Saved data entries:
————

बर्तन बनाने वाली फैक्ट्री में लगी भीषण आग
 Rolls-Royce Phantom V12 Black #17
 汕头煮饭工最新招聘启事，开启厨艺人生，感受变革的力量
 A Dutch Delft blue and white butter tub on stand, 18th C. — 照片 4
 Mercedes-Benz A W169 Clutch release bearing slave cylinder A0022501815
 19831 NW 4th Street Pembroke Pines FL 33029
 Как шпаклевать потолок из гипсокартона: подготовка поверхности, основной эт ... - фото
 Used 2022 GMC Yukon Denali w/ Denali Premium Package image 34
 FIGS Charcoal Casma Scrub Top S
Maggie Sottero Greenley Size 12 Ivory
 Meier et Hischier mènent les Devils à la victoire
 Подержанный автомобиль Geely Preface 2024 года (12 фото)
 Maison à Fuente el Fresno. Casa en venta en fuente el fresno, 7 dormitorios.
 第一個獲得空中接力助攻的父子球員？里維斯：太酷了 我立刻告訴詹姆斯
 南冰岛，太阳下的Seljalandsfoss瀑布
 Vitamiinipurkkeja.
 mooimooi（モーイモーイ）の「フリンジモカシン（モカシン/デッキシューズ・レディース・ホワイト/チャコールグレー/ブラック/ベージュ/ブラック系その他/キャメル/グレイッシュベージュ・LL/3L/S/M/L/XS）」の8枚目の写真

————

List each line of the entries that holds the string "фото".

 Как шпаклевать потолок из гипсокартона: подготовка поверхности, основной эт ... - фото
 Подержанный автомобиль Geely Preface 2024 года (12 фото)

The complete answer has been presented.